Customer Reviews:
Showing reviews 6-10 of 41
Hundreds of Loaves Later, and Still convinced this is the Best February 23, 2006 Alexander G. Murray (Quincy, MA United States) 12 out of 12 found this review helpful
I started making French bread using this pan about a year ago. I tried several other brands first, but got by far the best results with this pan. I've made hundreds of loaves over the past year using this pan and the results have always been terrific. People ask me to bring the bread to parties, and I even supplied a friend's wedding last summer. I use a recipe from a book called, "The Best Bread Ever," by Chales Van Over, with great results. A French and a Belgian friend have told me my bread is as good or better than anything they've ever had in Paris.

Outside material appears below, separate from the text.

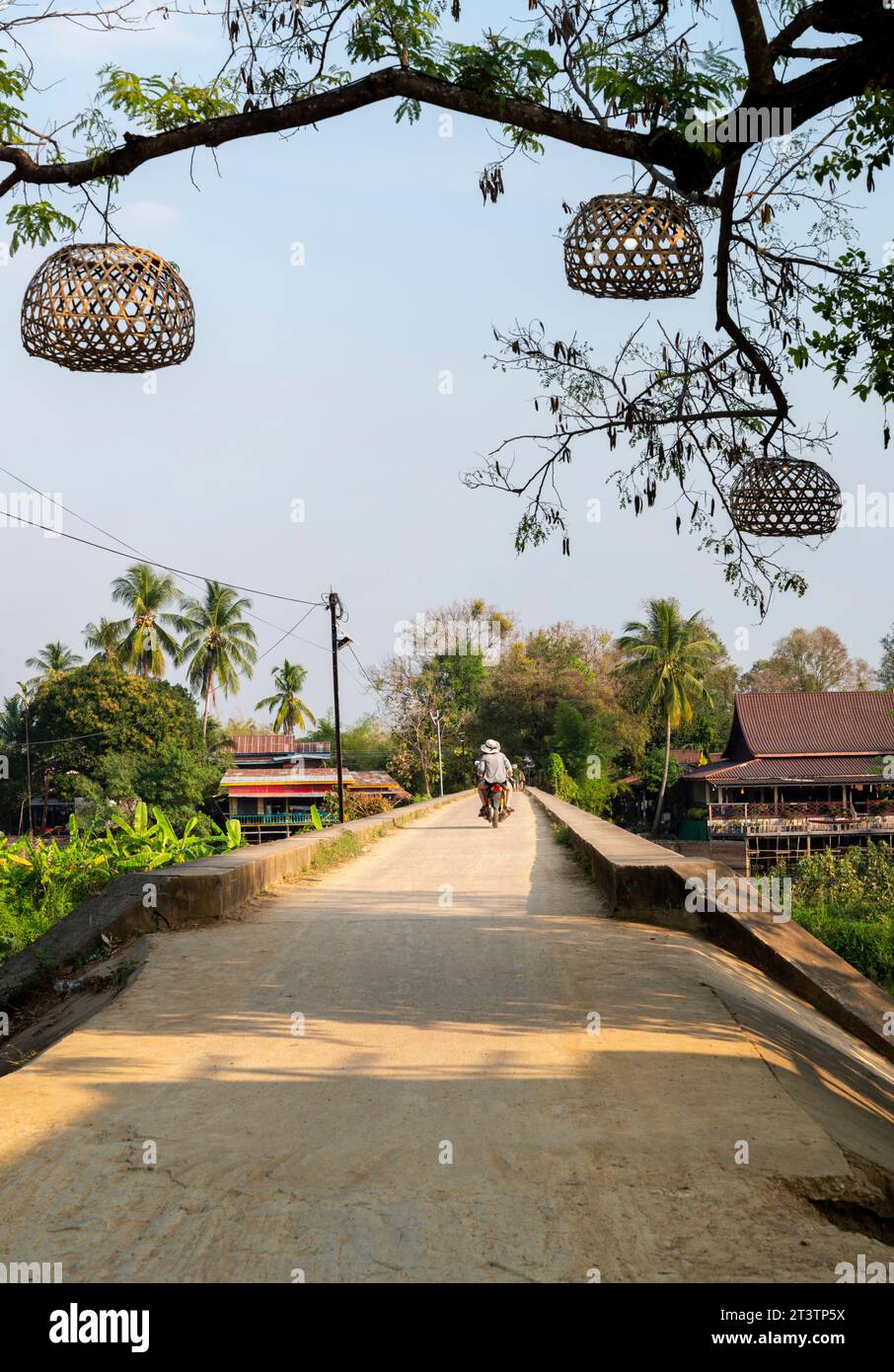 Blick auf die Insel Don Khon, entlang der französischen Kolonialbrücke, über den Mekong, ein beliebtes Wahrzeichen und Aussichtspunkt bei Sonnenuntergang, für Touristen zu überqueren, OR Stockfoto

CHICAGO METALLIC BAGUETTE PAN January 27, 2003 Beverly J. Baker (Greenville, Ohio United States) 6 out of 7 found this review helpful
I USED THE BAGUETTE PAN FOR THE FIRST TIME TODAY AND WAS A BIT APPREHENSIVE AFTER READING THE REVIEW ABOUT DOUGH GETTING STUCK IN THE PERFORATION HOLES, BUT THIS WAS NOT THE CASE. IT REALLY DID A BEAUTIFULL JOB ON MY BREAD! BEFORE PLACING THE DOUGH IN THE PAN I SPRAYED IT WITH A NON STICK COOKING SPRAY AND THEN DUSTED IT WITH A SMALL AMOUNT OF FLOUR. AFTER THE BREAD WAS DONE IT SLIPPED RIGHT OUT OF THE PAN. I BELIEVE THIS IS A REALLY GREAT PRODUCT.BEV BAKER
Excellemt french bread May 2, 2000 5 out of 24 found this review helpful
To get the size and the nice crispy crust that french or Italian bread is known for, this is the best pan that I have found. I make to dough in my electric breadmaker,then form the rolls and bake in the oven. Finally got the crust I wanted.
Good Baguette Pan June 1, 2001 Michela (Seattle, WA, USA) 4 out of 5 found this review helpful
Sometimes it is hard to find fresh sourdough baguettes at a store or bakery on the weekend, so I learned to bake them. After preparing the bread dough and dividing it into threes, I cover it with plastic wrap and refrigerate it overnight. The next day, I place the room-temperature dough in a lightly oiled Chicago Metallic Professional Perforated Pan on a baking stone on my oven rack. The baguette crust comes out crisp and the inside is chewy and moist.
Best thing since sliced bread January 12, 2007 Klaus (Albany NY USA) 4 out of 5 found this review helpful
I purchased this baguette pan along with its brother, the french bread pan. Makes perfectly shaped loaves with nice crispy crust, just like your local bakery. Teflon coating makes cleanup a whiz. Would make a nice addition to anyones kitchen arsenal. Very happy with the purchase. Cant beat the amazon price.